- _What to produce_:
Write out again the lines from the line with "phau-thuat-tai-xuong-chum-trong-viem-tac-tinh-mach-ben" up to and including the line with "Before and after", exactly as they stand below, and skip any picture.

** Opening Supplied information block **

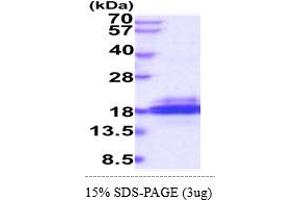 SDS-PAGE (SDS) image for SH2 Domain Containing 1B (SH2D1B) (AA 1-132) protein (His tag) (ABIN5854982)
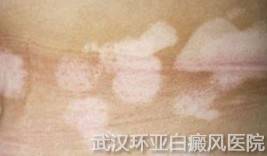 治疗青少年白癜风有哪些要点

** Closing Supplied information block **
** Opening Supplied information block **

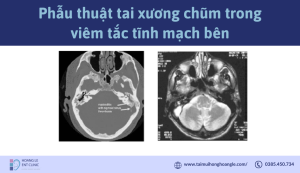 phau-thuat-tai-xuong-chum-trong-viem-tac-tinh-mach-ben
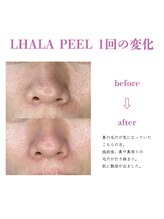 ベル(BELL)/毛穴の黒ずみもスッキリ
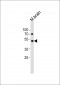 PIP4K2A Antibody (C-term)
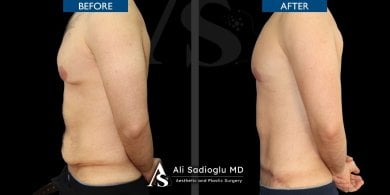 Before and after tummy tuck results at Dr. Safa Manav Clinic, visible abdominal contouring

** Closing Supplied information block **

- _Answer box_:
 phau-thuat-tai-xuong-chum-trong-viem-tac-tinh-mach-ben
 ベル(BELL)/毛穴の黒ずみもスッキリ
 PIP4K2A Antibody (C-term)
 Before and after tummy tuck results at Dr. Safa Manav Clinic, visible abdominal contouring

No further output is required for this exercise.